Call and ask.  For some reason I thought the sunset clause at Foxrun was 2016.


----------



## jackio (Jan 28, 2016)

I bought my unit resale and was never advised of any such clause, and it is not in my deed.  Is this is writing anywhere? - Jacki


----------



## DebBrown (Jan 28, 2016)

I am a Foxrun owner.  I emailed someone on the board.  He said that the HOA board is aware and in discussion.  It is the board's opinion that the vast majority of owners will vote to continue the timeshare.  He said that it will up for renewal every 10 years thereafter.

Deb


----------



## pedro47 (Jan 28, 2016)

DebBrown said:


> I am a Foxrun owner.  I emailed someone on the board.  He said that the HOA board is aware and in discussion.  It is the board's opinion that the vast majority of owners will vote to continue the timeshare.  He said that it will up for renewal every 10 years thereafter.
> 
> Deb



When is the HOA going to notify owners and after notification how much time will timeshare owners have to make a final decision!  Also, will a majority of owners have to vote to approve or disapprove the HOA recommendations?


----------



## DebBrown (Jan 28, 2016)

There are more questions than answers right now.  I got the impression that there would be a vote at some point but it was not imminent.  I think the sunset date is still a few years off.

Deb


----------



## raygo123 (Jan 28, 2016)

Did you know Wyndham points owns a sizable number of weeks?  And the have no vote, as voted on by the HOA back in the 80's when they left Wyndham.  Lots of ownership from the greater Cincinnat, tri-state area

Sent from my Nexus 7 using Tapatalk


----------



## Ty1on (Jan 28, 2016)

raygo123 said:


> Did you know Wyndham points owns a sizable number of weeks?  And the have no vote, as voted on by the HOA back in the 80's when they left Wyndham.  Lots of ownership from the greater Cincinnat, tri-state area
> 
> Sent from my Nexus 7 using Tapatalk



Are you sure about that?  I thought Wyndham's Foxrun units were fixed week conversions?  In which case interval owners should still have a vote.....Even if the deeds were held in trust by Wyndham, I can't imagine a scenario where an HOA could legally exclude a class of owners from voting.


----------



## raygo123 (Jan 28, 2016)

That's that I was told when I owned it.  I believe it was a fellow named Ketchum, but that was ages ago.

Sent from my Nexus 7 using Tapatalk


----------



## TUGBrian (Jan 28, 2016)

this would not be listed in the deed, but instead in the Covenants, Conditions, and Restrictions (CC&Rs)

while im sure original owners would have at one time gotten a copy of this, i doubt its provided to resale owners (but who knows).

the HOA should have this made available to any owner who requests it though, and it may be available online somewhere.


----------



## GrayFal (Jan 28, 2016)

TUGBrian said:


> this would not be listed in the deed, but instead in the Covenants, Conditions, and Restrictions (CC&Rs)
> 
> while im sure original owners would have at one time gotten a copy of this, i doubt its provided to resale owners (but who knows).
> 
> the HOA should have this made available to any owner who requests it though, and it may be available online somewhere.



It is in my resale deed prepared by Jerry at Redden Realty back in 2004. 
The date is definitely in 2020. I posted it in the original thread linked here. 
Tug member Becky was on the board there.
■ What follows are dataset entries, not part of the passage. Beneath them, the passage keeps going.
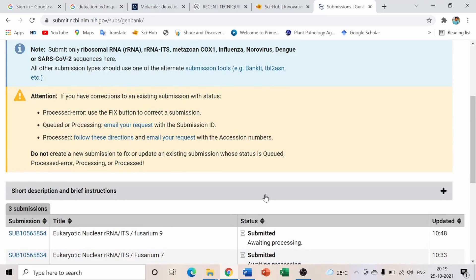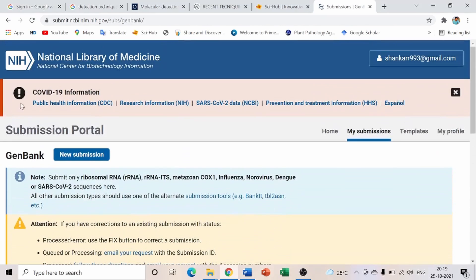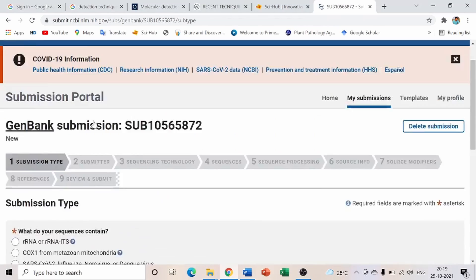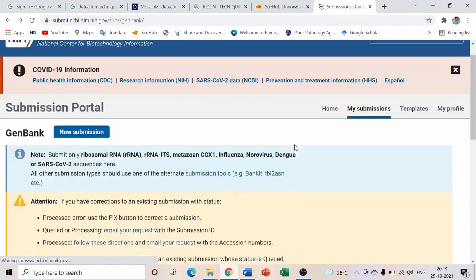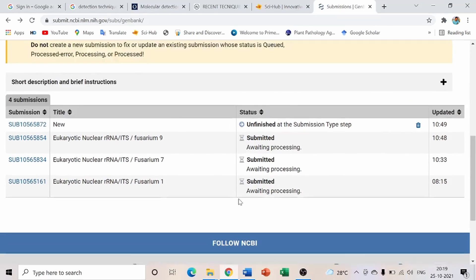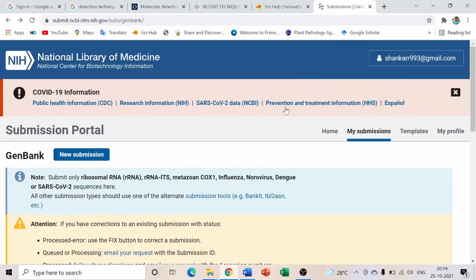This procedure is quite common for almost all fungal organisms — whether it is Fusarium, Rhizoctonia, or any other fungal culture. To submit another sequence, click New Submission and repeat the same process.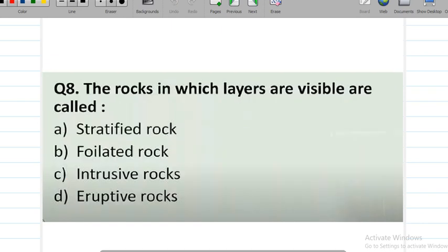Question number 8: rocks in which layers are visible are called what? Mainly we have three types of rocks geologically: igneous, stratified, and metamorphic. Stratified rocks form layer by layer due to transportation forces like wind, river, or sand. These are the rocks with visible layers — option A.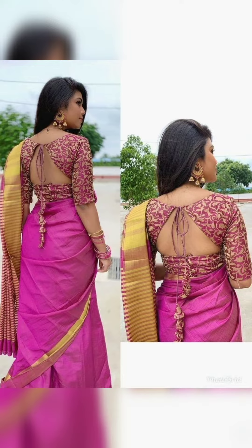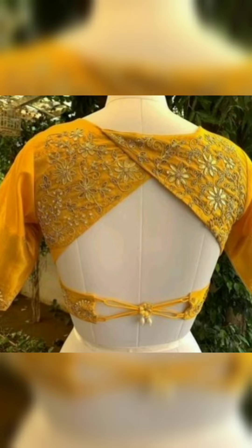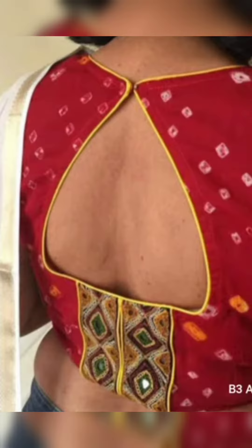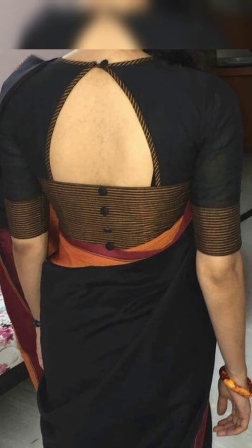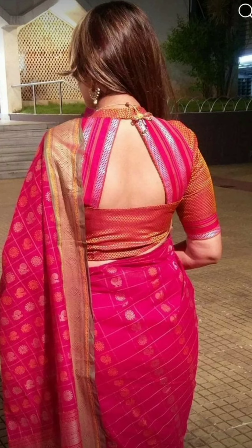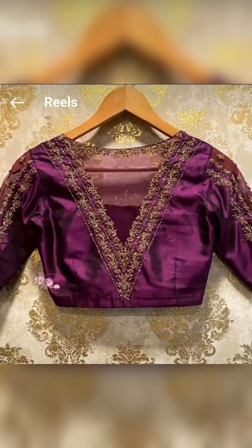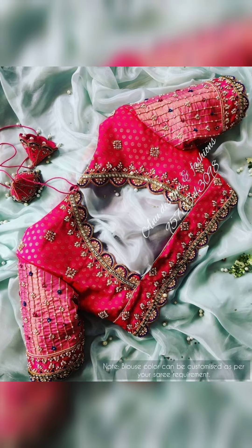Hello everyone, welcome to our channel Fashion Style Friends. Today's video is about blouse back designs — specifically triangle cut blouse back designs. I hope you will like the different different styles using triangle shape pattern cutout.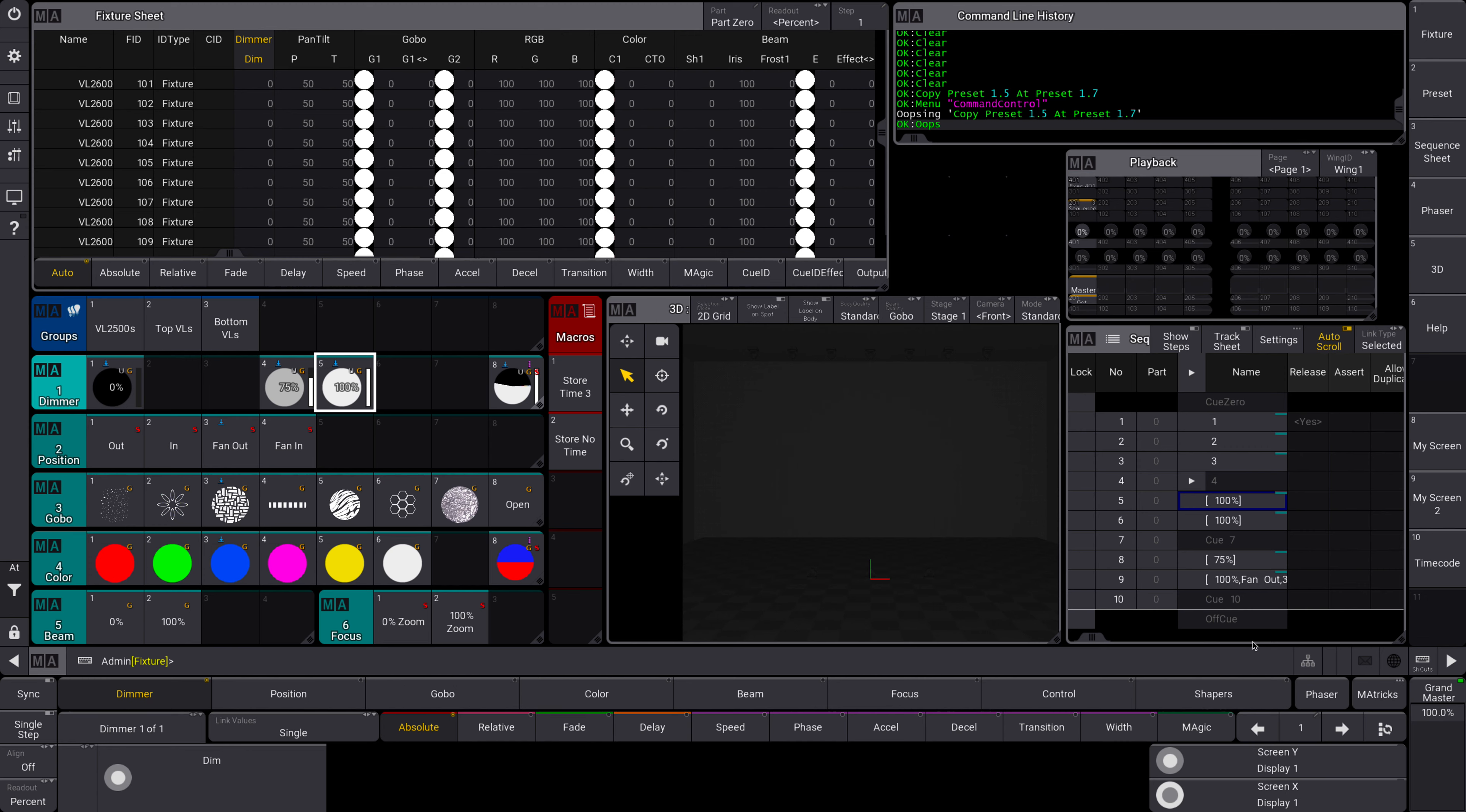Today I want to talk about move and copy, two commonly used commands in MA3 that are very helpful to know about. We're going to use them in the context of presets today, but you can also use them with pretty much anything you can store in MA - queues, sequences, playbacks, whatever - and it's all the same syntax.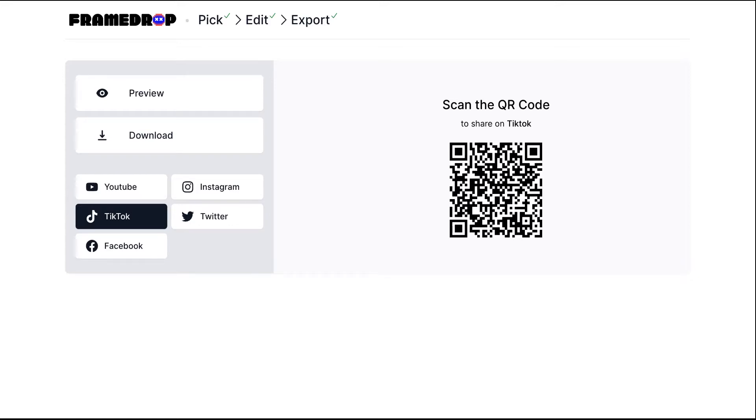As you can see it's pretty simple, it took us less than 30 seconds. Thank you for watching and have a great time creating your best moments with Framedrop.tg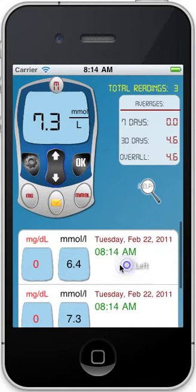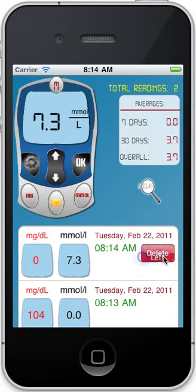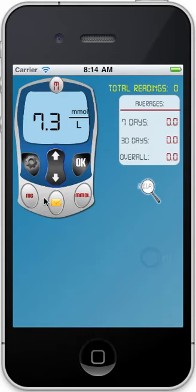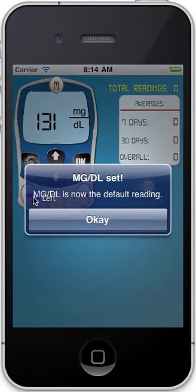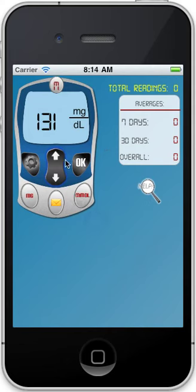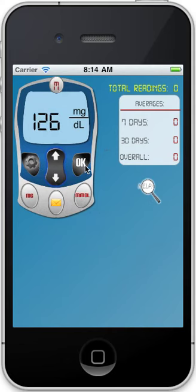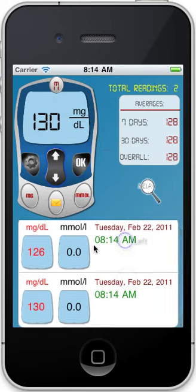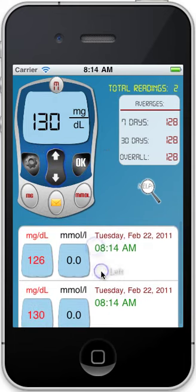I can delete a bunch of these, just to show you. Let's put back milligrams. Now I can just go to 126 and press OK. Next reading is 130 — I'll press OK, and you'll see my readings are right there. Pretty simple, straightforward.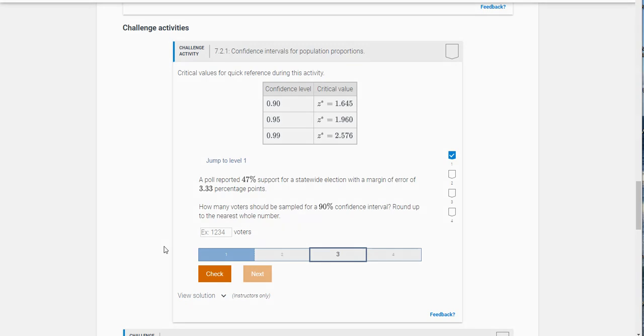Hi class, in this video I wanted to show you how to do this sample size needed problem. So it goes like this: a poll reported 47% of a statewide election with a margin of error of 3.33 percentage points. So how many voters should be sampled for a 90% confidence interval? It says round up to the nearest whole number.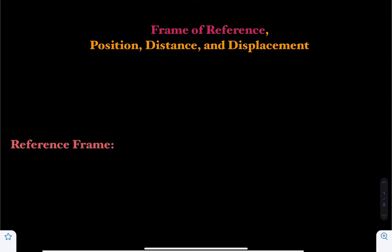In this video, we are going to talk about frame of reference, position, distance and displacement.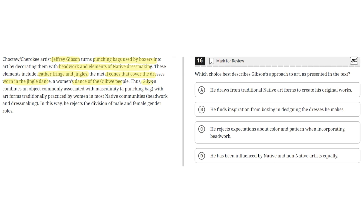Thus Gibson combines an object commonly associated with masculinity — a punching bag — with art forms traditionally practiced by women in most native communities: beadwork and dressmaking. In this way, he rejects the division of male and female gender roles.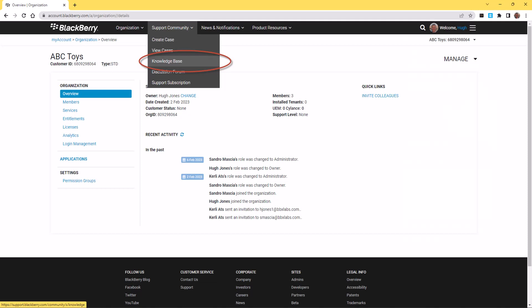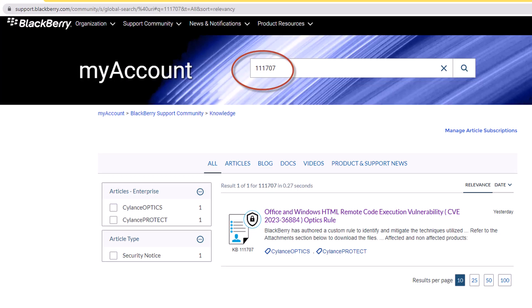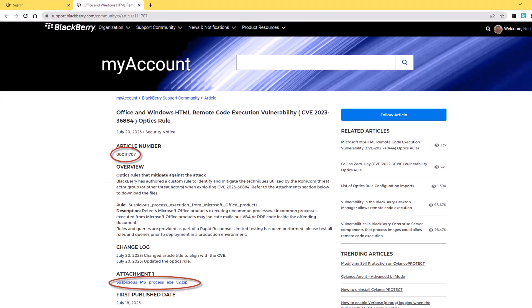To start, I'm going to pull up the article. Log in to my account. Head to the Support Community tab along the top and pull up your knowledge base. Then search for Article 111707 and you can see that the article is now shown in the search results below. Note that it's tagged with Cylance Protect and Cylance Optics.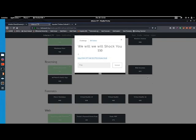Hello everyone and welcome to this new write up video on the we will we will shock you challenge from the Inferno CTF.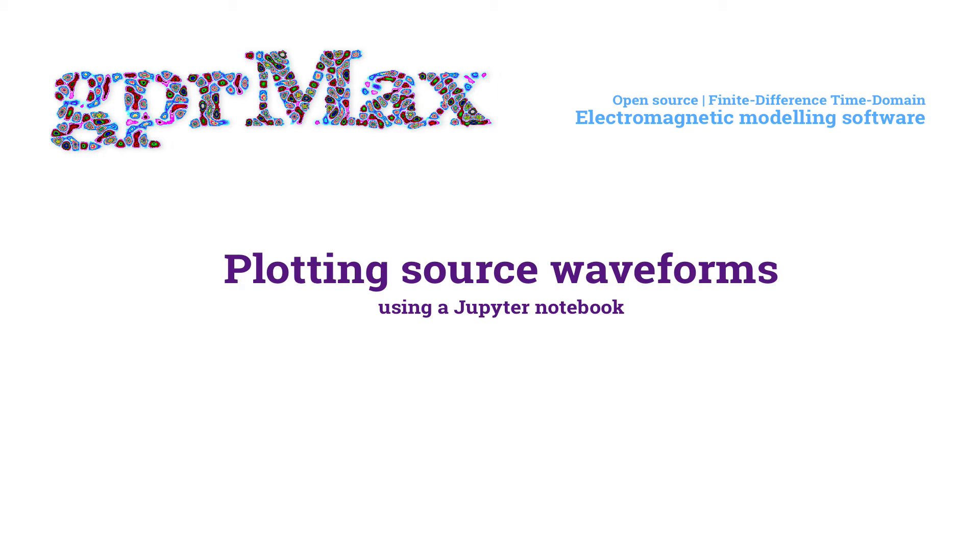Hi, I'm one of the developers of GPR Max. In this screencast, we're going to look at one of the Python tools that comes with GPR Max.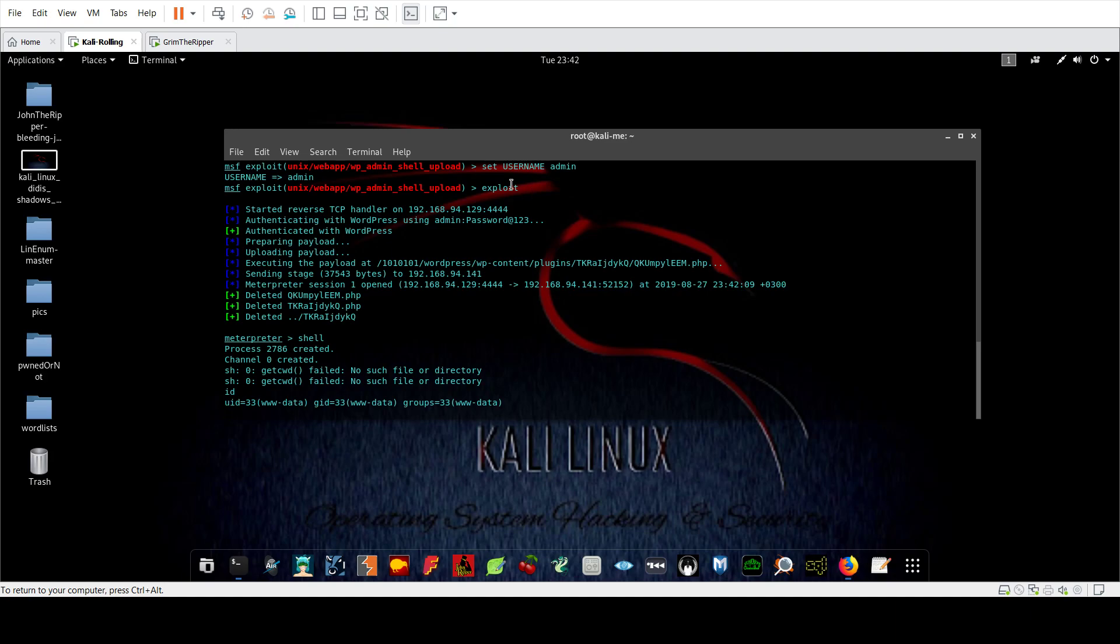So this is the first part of the video. I hope you find this helpful and hopefully see you in the next video where we're going to do the privilege escalation as we do usually. Thank you so much.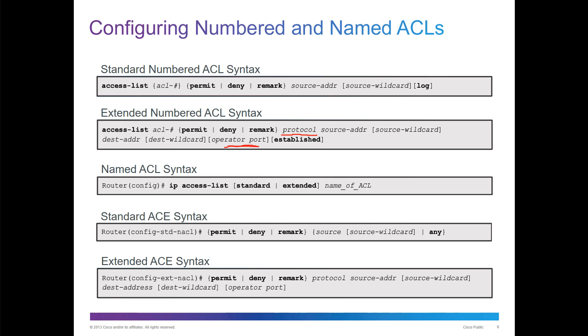We also have the ability to do named ACLs, and that's going to be an IP access list. Whether you define it as standard or extended, then you do a named ACL. The sub-interface will actually become a named ACL with a pound sign.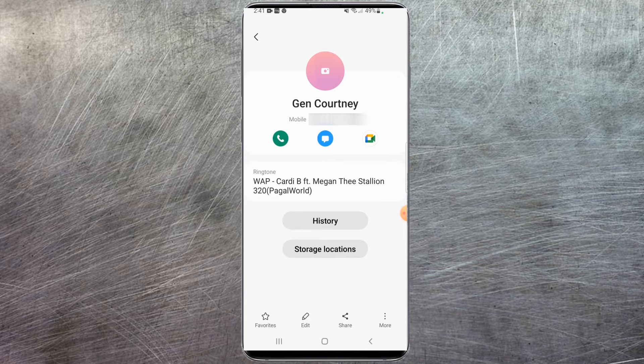As you can see, the ringtone WAP by Cardi B will now be playing for Jen Courtney. That's all there is to assigning a specific ringtone for a specific contact. If you found this video informative, please hit that like button and we'll see you in the next video.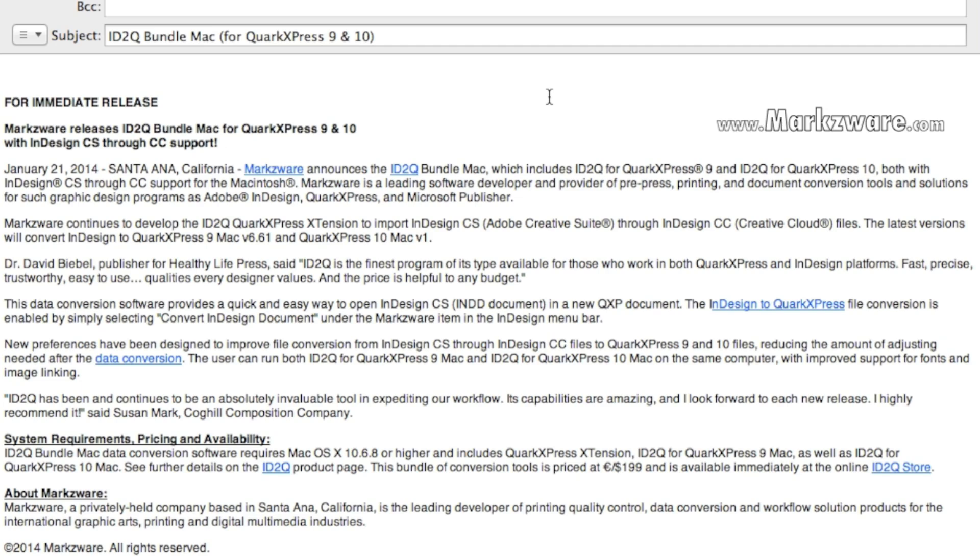So, all your InDesign CC files will also be able to be converted right into QuarkXPress 10 or 9 with Markzware's ID2Q.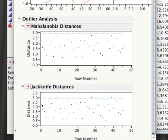Jackknife distances are the Mahalanobis distance for each point calculated relative to a centroid that was computed without that point included. The reason to use this metric is that it doesn't allow a point to drag the centroid towards itself. When you have very extreme points, their extremeness can drag the centroid so far towards them that it hides the outlying nature of other points. By excluding each point when calculating the centroid, you can detect outliers in a slightly different way, and this is the better metric to use when you have very far extreme points.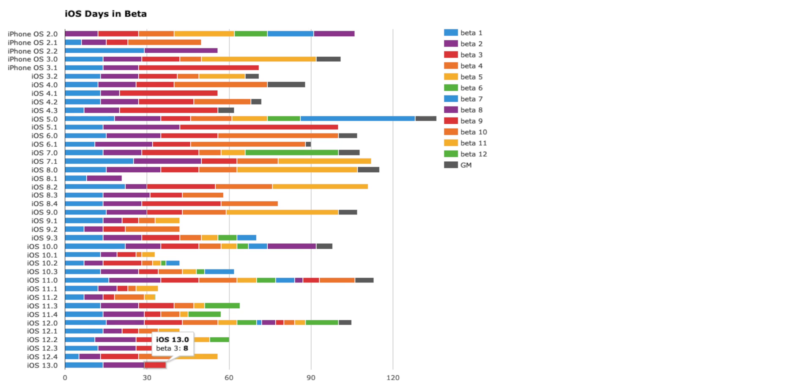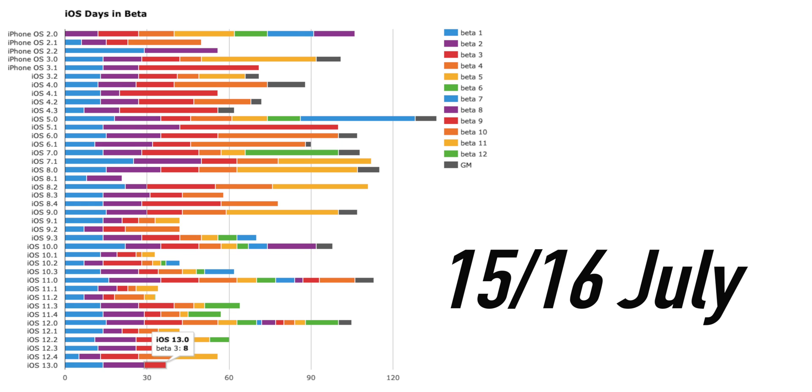Now if you know anything about Apple's two-week beta cycle, you know they release the next version two weeks after the prior update. So we got Beta 3 on July 2nd, we can expect Beta 4 on next Monday, that's going to be July 15th. But if you calculate the two-week cycle from the 2nd, it could also be on 16th of July.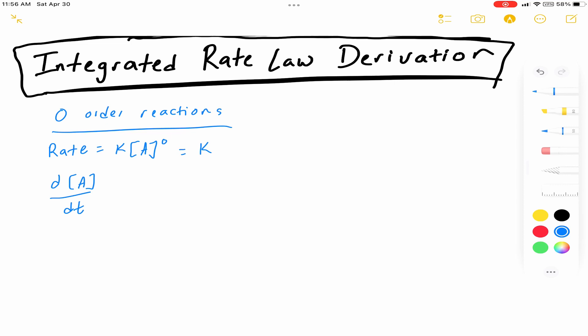If you notice, your concentrations are always going to be going down. So it makes sense for the change in your concentration to be a negative number — for your d[A] over dt to be a negative value. When we look at the rate as the rate of decrease, the derivative has to be negative because the concentration is always going down. So we need a negative here, and then we can write the rate equals K.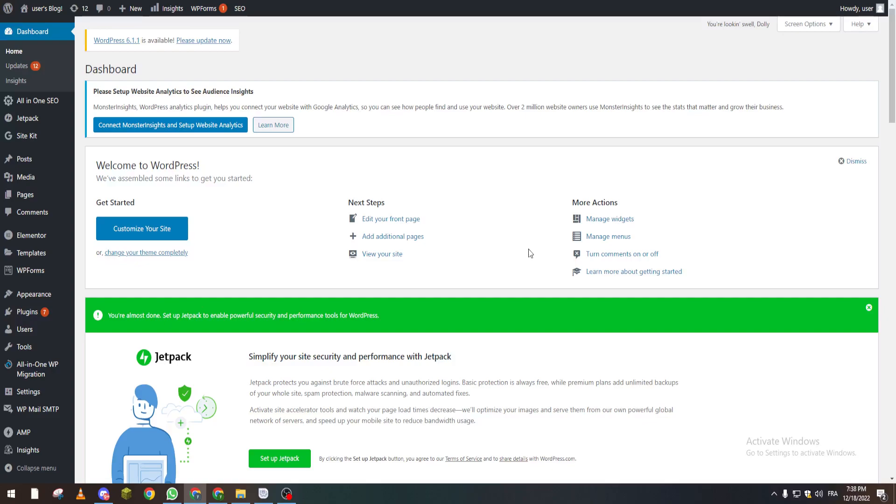To do this, make sure you have your dashboard open by going to wordpress.com/wp-admin. I will show you how this works.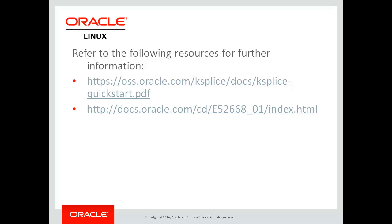So this concludes the demonstration of Ksplice. It's a method of allowing you to apply updates to kernel without having to reboot. Thank you for taking the time to watch this video.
I do not know if she is still active on TUG

Edit, if you just have a Quit Claim deed it would not have the info.


----------



## TUGBrian (Jan 28, 2016)

ah ok...there we go...thank you for confirming!

least you have a 4 year head start to get something worked out!


----------



## Ty1on (Jan 28, 2016)

raygo123 said:


> That's that I was told when I owned it.  I believe it was a fellow named Ketchum, but that was ages ago.
> 
> Sent from my Nexus 7 using Tapatalk



It may be that there is a separate association for Wyndham Owners and others, and then a master association that allows the two associations to get together on common areas.


----------



## GrayFal (Jan 28, 2016)

Ty1on said:


> It may be that there is a separate association for Wyndham Owners and others, and then a master association that allows the two associations to get together on common areas.



And Bluegreen owns units here as well!


----------



## Ty1on (Jan 28, 2016)

GrayFal said:


> And Bluegreen owns units here as well!



I should say two or more associations


----------



## raygo123 (Jan 28, 2016)

Well that's true, back then there were negotiations with  Wyndham HOA over use of the golf courses and rec center.  

Sent from my Nexus 7 using Tapatalk


----------



## BocaBoy (Jan 29, 2016)

TUGBrian said:


> this would not be listed in the deed, but instead in the Covenants, Conditions, and Restrictions (CC&Rs)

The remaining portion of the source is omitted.